Sie wurde die »Rote Jungfrau vom Montmartre« genannt. Die damals 40-jährige Lehrerin war aktive Teilnehmerin an den politischen wie militärischen Auseinandersetzungen. Mit mutigen, mitreißenden Reden entriss Louise Michel mit ihren Mitstreiterinnen vom Aufpasserausschuss des 18. Stadtbezirks in letzter Minute am 18. März 1871 den aus Versailles angerückten französischen Soldaten die Kanonen vom Montmartre - ohne dass ein Schuss fiel. Zwar saß damals der französische Kaiser Napoléon III. bereits gefangen in Frankfurt (Main), und am 31. Januar 1871 war die Kaiserproklamation des Preußenkönigs Wilhelm I. im Versailler Schloss erfolgt - doch der Krieg ging weiter. Trotz Hungersnot ergab sich das eingeschlossene Paris nicht.

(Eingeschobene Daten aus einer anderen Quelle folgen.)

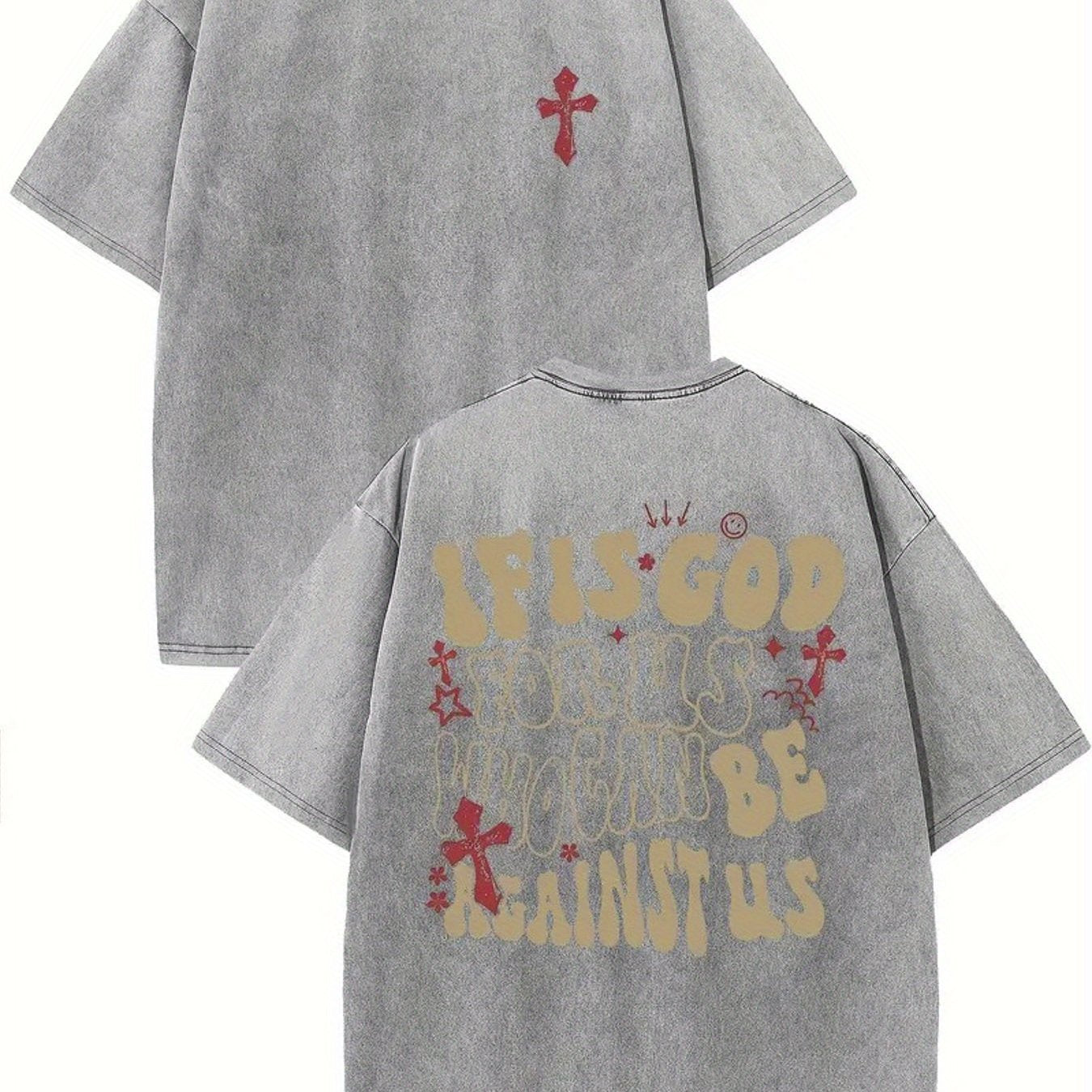 1pc Men's 230GSM Heavyweight Cotton T-Shirt - Dual-Sided Water Wash Vintage Streetwear Tee with \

Schon am 31. Oktober 1870 hatten Nationalgardisten »Es lebe die Kommune!« ausgerufen, nachdem Ausbruchsversuche der neu formierten republikanischen Soldaten immer wieder mit Niederlagen endeten. Am 7. Januar 1871 forderte ein vielerorts angeklebtes rotes Plakat, verfasst vom radikalen Journalisten Louis Vallès, im Namen des Komitees der 20 Pariser Stadtbezirke zum Aufstand und zur Bildung einer Volksregierung auf. Doch erst nach den Verbrüderungsszenen auf dem Montmartre kam es dazu. Noch am Abend des 18. März wurden die befehlshabenden Generäle Lecomte und Clément Thomas, die den Soldaten Schießbefehl erteilt hatten, von den »Communards« erschossen. Mit den in Paris verbliebenen 40 000 Mann Nationalgarde wollten die empörten Volksmassen dem »defätistischen Versailles« und den deutschen Truppen eine Lektion erteilen.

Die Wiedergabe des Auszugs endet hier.